ROOM_INFO currentDestinationRoom = destinationQueue.Dequeue();
ROOM_INFO startNextRoom = new ROOM_INFO();
ROOM_INFO stopNextRoom = new ROOM_INFO();
if (currentStartRoom.Equals(destinationRoom))
{
break;
}
else
{
// Start from destination and work to Start Point.
foreach (string exit in currentDestinationRoom.exitData)
{
stopNextRoom = extractMapRoom(exit); // get adjacent room
if (stopNextRoom.Equals(startRoom))
{
visitedStopRooms.Add(stopNextRoom, true);
foundRoom = true;
break;
}
if (stopNextRoom.mapNumber != 0 && stopNextRoom.roomNumber != 0)
{
if (!visitedStopRooms.ContainsKey(stopNextRoom))
{
if (visitedStartRooms.ContainsKey(stopNextRoom))
{
foundRoom = true;
}
else
{
destinationQueue.Enqueue(stopNextRoom);
visitedStopRooms.Add(stopNextRoom, true);
}
}
}
}
if (foundRoom)
{
break;
}
}
// start from the start and work way to destination point
foreach (string exit in currentStartRoom.exitData)
{
startNextRoom = extractMapRoom(exit); // get adjacent room
if (startNextRoom.Equals(destinationRoom))
{
visitedStartRooms.Add(startNextRoom, true);
foundRoom = true;
break;
}
if (startNextRoom.mapNumber != 0 && startNextRoom.roomNumber != 0)
{
if (!visitedStartRooms.ContainsKey(startNextRoom))
{
if (visitedStopRooms.ContainsKey(startNextRoom))
{
foundRoom = true;
break;
}
else
{
startQueue.Enqueue(startNextRoom);
visitedStartRooms.Add(startNextRoom, true);
}
}
}
}
if (foundRoom)
{
break;
}
}
}
You have a good start. There are a few basic improvements that will help. First, to be able to reconstruct your path, you should create a new data structure to store visited rooms. But for each entry, you want to store the room, plus the previous room in the path back to the starting point. A good data structure for this would be a dictionary where the key is the room identifier, and the value is the previous room identifier. To know if you've visited a room, you look to see if it exists in that data structure, not your openList queue. With this new structure, you can properly check if you've visited a room, and you can reconstruct the path back by repeatedly looking up the previous room in the same structure until you get to the origination.

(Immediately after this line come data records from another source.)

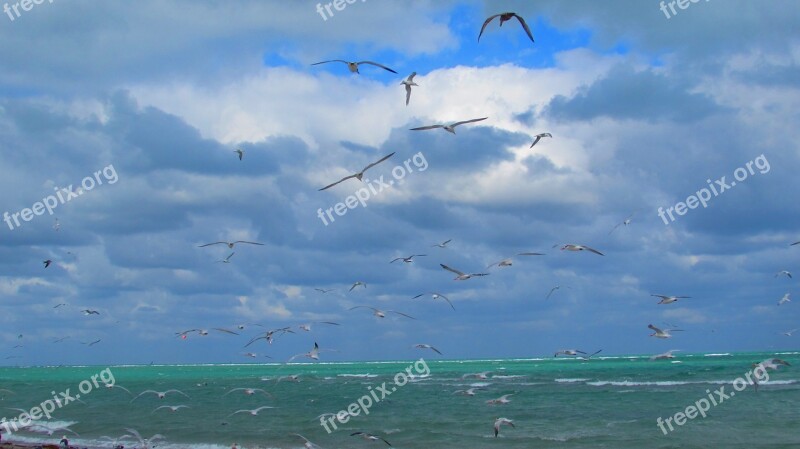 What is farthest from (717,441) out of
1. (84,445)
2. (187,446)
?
(84,445)

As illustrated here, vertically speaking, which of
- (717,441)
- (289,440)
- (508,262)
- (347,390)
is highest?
(347,390)

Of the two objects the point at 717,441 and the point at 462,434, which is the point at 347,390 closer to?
the point at 462,434

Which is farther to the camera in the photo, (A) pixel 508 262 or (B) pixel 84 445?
(B) pixel 84 445

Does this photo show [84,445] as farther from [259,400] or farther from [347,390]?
[347,390]

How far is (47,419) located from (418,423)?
74.4 ft

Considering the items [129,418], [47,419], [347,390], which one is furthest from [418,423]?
[347,390]

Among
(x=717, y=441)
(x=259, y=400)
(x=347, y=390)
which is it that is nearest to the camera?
(x=717, y=441)

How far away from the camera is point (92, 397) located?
58.8m

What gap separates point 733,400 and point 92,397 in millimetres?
48618

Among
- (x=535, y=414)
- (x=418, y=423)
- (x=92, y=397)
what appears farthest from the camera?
(x=92, y=397)

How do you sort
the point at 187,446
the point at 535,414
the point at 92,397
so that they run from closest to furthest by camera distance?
1. the point at 187,446
2. the point at 535,414
3. the point at 92,397

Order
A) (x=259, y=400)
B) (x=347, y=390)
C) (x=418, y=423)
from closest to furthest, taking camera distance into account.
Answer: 1. (x=418, y=423)
2. (x=259, y=400)
3. (x=347, y=390)

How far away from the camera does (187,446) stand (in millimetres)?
29797

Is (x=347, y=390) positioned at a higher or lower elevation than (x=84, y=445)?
higher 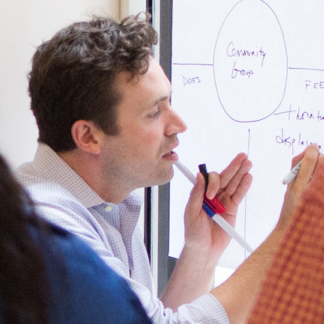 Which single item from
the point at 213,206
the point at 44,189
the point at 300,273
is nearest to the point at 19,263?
the point at 300,273

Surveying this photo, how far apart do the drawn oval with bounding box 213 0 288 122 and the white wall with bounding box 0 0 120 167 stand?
1.21 ft

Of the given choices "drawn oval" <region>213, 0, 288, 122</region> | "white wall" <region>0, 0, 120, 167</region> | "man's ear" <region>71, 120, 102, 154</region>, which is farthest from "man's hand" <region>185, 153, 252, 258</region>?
"white wall" <region>0, 0, 120, 167</region>

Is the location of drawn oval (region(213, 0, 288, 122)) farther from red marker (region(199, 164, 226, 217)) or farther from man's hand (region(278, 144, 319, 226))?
man's hand (region(278, 144, 319, 226))

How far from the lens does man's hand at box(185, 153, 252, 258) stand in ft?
3.00

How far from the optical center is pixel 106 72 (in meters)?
0.82

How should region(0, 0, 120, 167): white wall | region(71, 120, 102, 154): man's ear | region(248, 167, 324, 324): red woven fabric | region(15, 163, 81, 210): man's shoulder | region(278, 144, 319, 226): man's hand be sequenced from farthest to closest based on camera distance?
1. region(0, 0, 120, 167): white wall
2. region(71, 120, 102, 154): man's ear
3. region(15, 163, 81, 210): man's shoulder
4. region(278, 144, 319, 226): man's hand
5. region(248, 167, 324, 324): red woven fabric

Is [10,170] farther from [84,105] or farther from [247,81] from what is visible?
[247,81]

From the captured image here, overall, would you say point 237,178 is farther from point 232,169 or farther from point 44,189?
point 44,189

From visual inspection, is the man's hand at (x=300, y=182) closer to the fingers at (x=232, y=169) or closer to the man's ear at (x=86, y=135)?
the fingers at (x=232, y=169)

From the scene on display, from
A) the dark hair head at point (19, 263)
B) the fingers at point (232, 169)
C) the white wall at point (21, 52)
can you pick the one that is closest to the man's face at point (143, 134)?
the fingers at point (232, 169)

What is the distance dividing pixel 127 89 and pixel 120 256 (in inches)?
13.4

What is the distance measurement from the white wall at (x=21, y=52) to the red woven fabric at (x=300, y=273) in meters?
0.76

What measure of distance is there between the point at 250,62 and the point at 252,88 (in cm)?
5

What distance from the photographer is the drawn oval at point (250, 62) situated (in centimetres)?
86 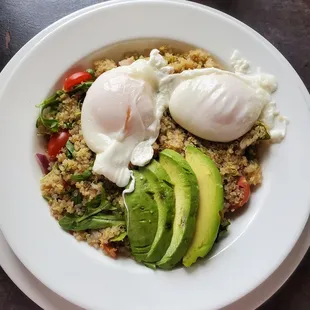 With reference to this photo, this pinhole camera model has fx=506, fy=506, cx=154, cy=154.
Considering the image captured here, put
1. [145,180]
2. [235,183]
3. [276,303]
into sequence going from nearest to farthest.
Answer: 1. [145,180]
2. [235,183]
3. [276,303]

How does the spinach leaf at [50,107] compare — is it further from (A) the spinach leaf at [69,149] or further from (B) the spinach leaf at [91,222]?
(B) the spinach leaf at [91,222]

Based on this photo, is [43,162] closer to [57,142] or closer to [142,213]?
[57,142]

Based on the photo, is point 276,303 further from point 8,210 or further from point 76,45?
point 76,45

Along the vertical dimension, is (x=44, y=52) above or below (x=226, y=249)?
above

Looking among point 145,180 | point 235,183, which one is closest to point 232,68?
point 235,183

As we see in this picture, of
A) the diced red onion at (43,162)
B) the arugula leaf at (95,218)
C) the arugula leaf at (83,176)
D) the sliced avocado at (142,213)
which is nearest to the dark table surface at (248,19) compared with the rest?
the diced red onion at (43,162)

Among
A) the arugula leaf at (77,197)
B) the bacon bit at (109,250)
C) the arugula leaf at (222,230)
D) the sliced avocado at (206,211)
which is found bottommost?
the bacon bit at (109,250) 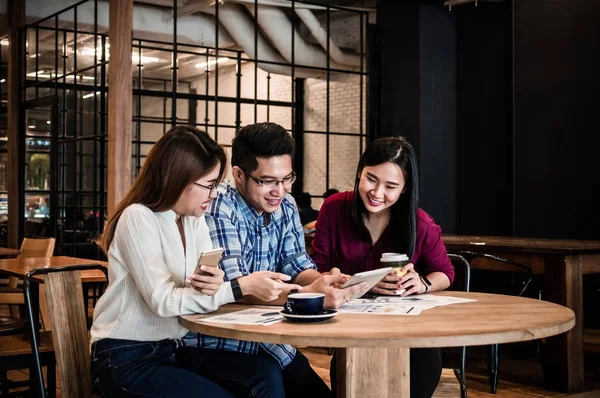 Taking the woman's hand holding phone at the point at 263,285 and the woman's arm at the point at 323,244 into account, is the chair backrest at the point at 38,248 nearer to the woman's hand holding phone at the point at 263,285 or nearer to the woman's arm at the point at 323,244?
the woman's arm at the point at 323,244

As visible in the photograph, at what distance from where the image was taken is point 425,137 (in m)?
8.37

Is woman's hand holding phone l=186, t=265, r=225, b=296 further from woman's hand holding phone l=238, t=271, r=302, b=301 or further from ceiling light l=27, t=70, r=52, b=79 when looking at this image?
ceiling light l=27, t=70, r=52, b=79

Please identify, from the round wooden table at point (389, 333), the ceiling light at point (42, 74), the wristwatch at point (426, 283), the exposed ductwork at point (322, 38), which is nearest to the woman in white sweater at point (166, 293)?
the round wooden table at point (389, 333)

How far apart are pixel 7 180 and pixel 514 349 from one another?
6918mm

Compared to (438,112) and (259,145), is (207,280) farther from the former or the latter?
(438,112)

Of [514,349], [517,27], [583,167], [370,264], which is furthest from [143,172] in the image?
[517,27]

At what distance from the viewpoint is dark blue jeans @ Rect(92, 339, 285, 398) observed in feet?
6.64

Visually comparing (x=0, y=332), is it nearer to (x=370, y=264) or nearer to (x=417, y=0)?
(x=370, y=264)

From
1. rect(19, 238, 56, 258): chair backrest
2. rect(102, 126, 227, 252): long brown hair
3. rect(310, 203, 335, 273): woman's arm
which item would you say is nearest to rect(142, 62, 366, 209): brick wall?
rect(19, 238, 56, 258): chair backrest

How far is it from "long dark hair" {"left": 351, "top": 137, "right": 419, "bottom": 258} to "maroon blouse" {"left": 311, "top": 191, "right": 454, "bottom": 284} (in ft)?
0.13

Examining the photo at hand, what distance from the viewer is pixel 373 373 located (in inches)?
76.4

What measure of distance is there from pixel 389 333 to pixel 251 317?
1.44 feet

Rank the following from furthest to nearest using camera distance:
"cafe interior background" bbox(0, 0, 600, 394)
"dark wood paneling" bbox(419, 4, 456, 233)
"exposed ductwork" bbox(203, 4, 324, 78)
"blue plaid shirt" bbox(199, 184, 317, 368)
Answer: "exposed ductwork" bbox(203, 4, 324, 78)
"dark wood paneling" bbox(419, 4, 456, 233)
"cafe interior background" bbox(0, 0, 600, 394)
"blue plaid shirt" bbox(199, 184, 317, 368)

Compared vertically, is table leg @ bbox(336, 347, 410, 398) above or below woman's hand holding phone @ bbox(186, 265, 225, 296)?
below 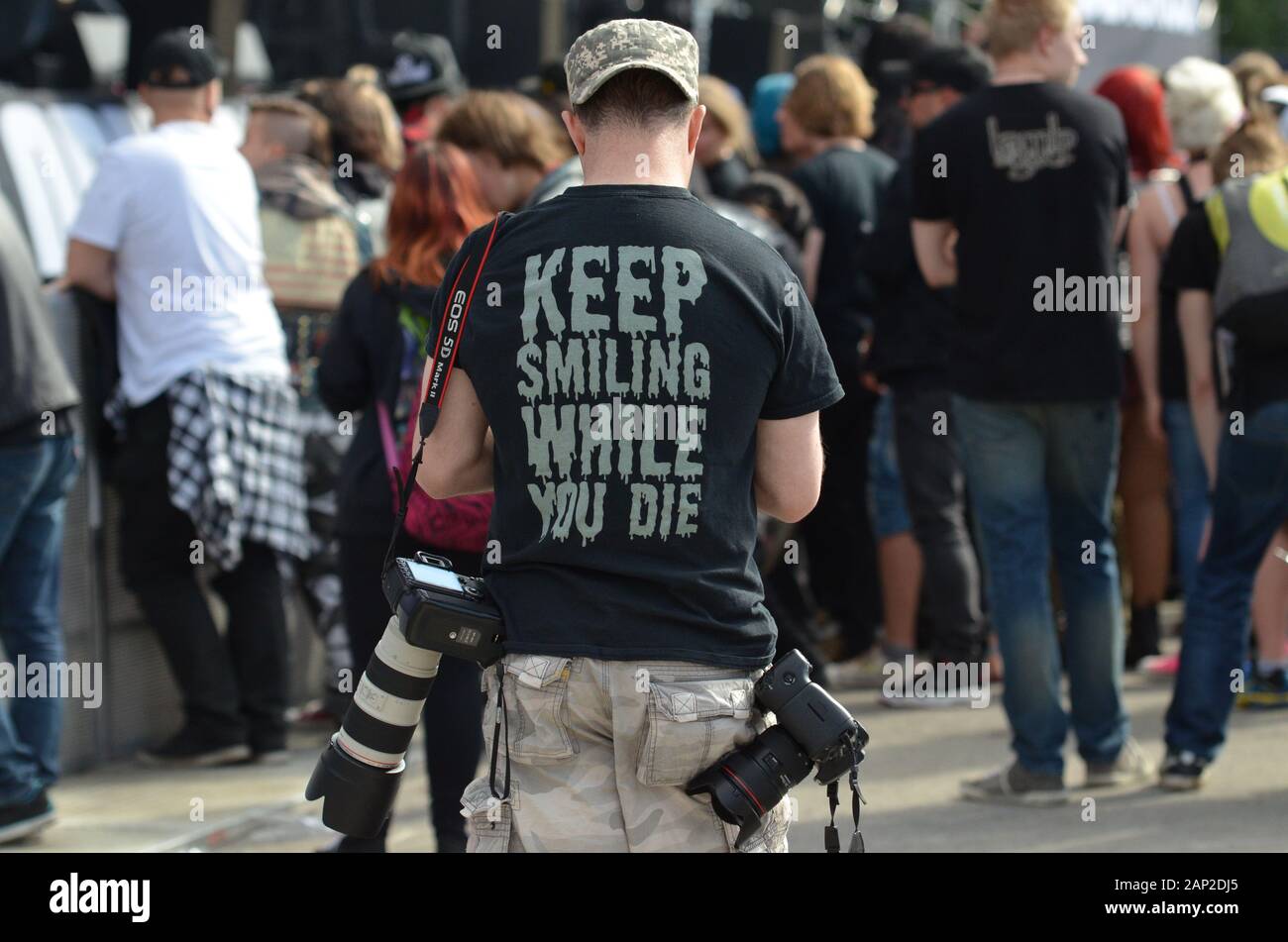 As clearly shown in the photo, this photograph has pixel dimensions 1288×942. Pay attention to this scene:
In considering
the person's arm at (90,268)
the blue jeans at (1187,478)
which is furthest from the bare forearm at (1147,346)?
the person's arm at (90,268)

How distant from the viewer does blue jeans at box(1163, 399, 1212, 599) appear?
664 centimetres

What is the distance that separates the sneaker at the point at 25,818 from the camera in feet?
16.6

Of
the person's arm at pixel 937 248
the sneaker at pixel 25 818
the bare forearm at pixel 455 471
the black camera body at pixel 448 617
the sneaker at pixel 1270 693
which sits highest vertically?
the person's arm at pixel 937 248

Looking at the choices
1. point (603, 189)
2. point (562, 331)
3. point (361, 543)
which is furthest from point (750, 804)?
point (361, 543)

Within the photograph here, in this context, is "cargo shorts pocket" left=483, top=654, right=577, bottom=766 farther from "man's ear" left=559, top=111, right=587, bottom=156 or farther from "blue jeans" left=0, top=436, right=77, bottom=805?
"blue jeans" left=0, top=436, right=77, bottom=805

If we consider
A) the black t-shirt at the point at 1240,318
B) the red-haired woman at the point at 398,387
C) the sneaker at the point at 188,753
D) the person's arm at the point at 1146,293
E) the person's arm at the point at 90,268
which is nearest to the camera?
the red-haired woman at the point at 398,387

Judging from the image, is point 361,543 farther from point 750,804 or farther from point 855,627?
point 855,627

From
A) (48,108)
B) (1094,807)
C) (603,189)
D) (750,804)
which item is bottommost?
(1094,807)

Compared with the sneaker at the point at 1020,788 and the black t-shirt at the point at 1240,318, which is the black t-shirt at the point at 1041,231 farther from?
the sneaker at the point at 1020,788

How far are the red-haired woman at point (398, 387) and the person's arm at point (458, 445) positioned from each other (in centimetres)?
156

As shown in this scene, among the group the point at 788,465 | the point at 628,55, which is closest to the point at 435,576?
the point at 788,465

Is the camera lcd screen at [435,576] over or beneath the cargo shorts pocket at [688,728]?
over

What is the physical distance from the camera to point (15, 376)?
16.5 ft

The second improvement will increase the performance quite a bit. Instead of just doing a breadth-first search from the start point until you bump into the destination, as you currently do, instead create matching data structures like you have for the start room search, but have them be for the destination room. After you've looked one room away from the start, look one room away from the destination. Repeat this...two rooms away from start, then two rooms away from destination.. etc., working your way out, until you discover a room that has been visited by both your search from start and your search from destination. Build the path from this room back to the start, and back to the destination, and that will be your shortest path.
The problem you are trying to solve is the shortest path problem with unweighted edges or where the weights of all edges are equal. The weight of an edge is the time/cost to move from one room to another. If the cost to move from one room to another varies depending on which pair of rooms you're talking about, then the problem is more complicated, and the algorithm you started with and for which I've suggested modifications, will not work as it is. Here are some links about it:
Shortest path (fewest nodes) for unweighted graph
http://en.wikipedia.org/wiki/Shortest_path_problem
You may also be interested in the A* algorithm which uses a different approach. It uses a hueristic approach to concentrate the search in a subset of the solution space more likely to contain the shortest path. http://en.wikipedia.org/wiki/A%2a_search_algorithm
But A* is probably overkill in your case since the weight of all edges is the same between all rooms.